Bolor Lkhaajav
China recently hosted the 2025 Shanghai Cooperation Organization (SCO) Summit in Tianjin, gathering heads-of-state and high-level representatives. Mongolian President Khurelsukh Ukhnaa participated in the summit, representing Mongolia as an observer state — a status that no longer exists as the SCO reformatted how it labels partners after the recent summit. On the sidelines of the SCO, Gazprom and CNPC signed a legally binding MOU on the trilateral construction of the Power of Siberia 2, a planned gas pipeline from Soyuz Vostok, which has potential to alter energy trade.
During his speech at the SCO Summit, Khurelsukh underscored Mongolia’s commitment to peace, multilateralism, and regional integration. Marking Ulaanbaatar’s active engagement in regional and global multilateral platforms, Khurelsukh emphasized Mongolia’s initiation to host the 17th Conference of the Parties (COP17) to the United Nations Convention to Combat Desertification in November 2026 and welcomed China and other partners to participate.

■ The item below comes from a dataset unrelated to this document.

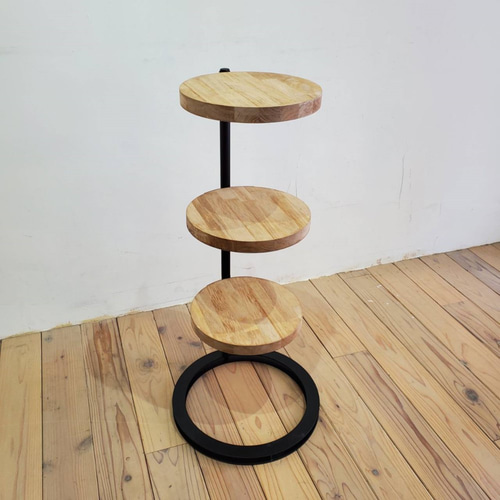 360°回転3段ラック 観葉植物 無垢板 回転 ディスプレイ カフェ風 DORIS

But, more importantly, Ulaanbaatar’s dealings with its two giant neighbors – Russia and China – happen at their trilateral summit, held on the sidelines of multilateral events like the SCO Summit.
On September 2, the day after the SCO Summit closed, Mongolia, China, and Russia convened their seventh trilateral leaders’ summit in China. As the host, China’s President Xi Jinping chaired the summit. He offered a three-point proposal on advancing China-Russia-Mongolia trilateral cooperation. First, Xi called for the three countries to cement political trust and thus the political will for trilateral cooperation. Second, he spoke of deepening mutually beneficial cooperation, particularly through infrastructure: “taking physical connectivity as a key direction, the three countries should actively promote their cross-border infrastructure and energy projects, and make such cooperation more substantive.”
During the summit, Khurelsukh attributed “particular importance to the joint projects in such areas as Economic Corridor infrastructure development, transport, logistics, energy and trade.”